Poiché il principio di equivalenza non rappresenta una novità del nuovo Codice dei contratti pubblici, è tutt'ora attuale il principio giurisprudenziale consolidato, a mente del quale, il giudizio di equivalenza formulato dalla Commissione di gara, espressione di discrezionalità tecnica, è sindacabile dal giudice amministrativo solo per manifesta illogicità, irragionevolezza o travisamento dei fatti, non potendo il giudice sostituire la propria valutazione a quella dell'amministrazione. Per giurisprudenza altrettanto pacifica, il principio di equivalenza trova applicazione indipendentemente da espressi richiami negli atti di gara o da parte dei concorrenti in tutte le fasi della procedura di evidenza pubblica e la commissione di gara può effettuare la valutazione di equivalenza anche in forma implicita, ove dalla documentazione tecnica sia desumibile la rispondenza del prodotto al requisito previsto dalla lex specialis.

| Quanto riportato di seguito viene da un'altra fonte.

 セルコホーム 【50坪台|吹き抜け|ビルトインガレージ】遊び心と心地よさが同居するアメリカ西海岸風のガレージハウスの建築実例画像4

La stazione appaltante deve valutare la conformità dell'offerta non tanto in senso formale, quanto piuttosto in senso sostanziale, dovendo verificare, sulla base di quanto contenuto negli atti di gara, se il prodotto offerto dalla concorrente sia funzionalmente rispondente alle esigenze dell'Amministrazione, secondo il principio di equivalenza, vigente negli appalti pubblici, che sottende una valutazione di omogeneità funzionale tra soluzioni, prodotti o dispositivi tecnici, ravvisabile ogni qual volta questi siano in grado di assolvere, in modo sostanzialmente analogo, alla finalità di impiego loro assegnata. In sede di gara pubblica, il principio di equivalenza trova il proprio limite nella difformità del bene o del servizio, rispetto a quello descritto dalla lex specialis, ovvero quando venga a configurarsi un'ipotesi di aliud pro alio non rimediabile.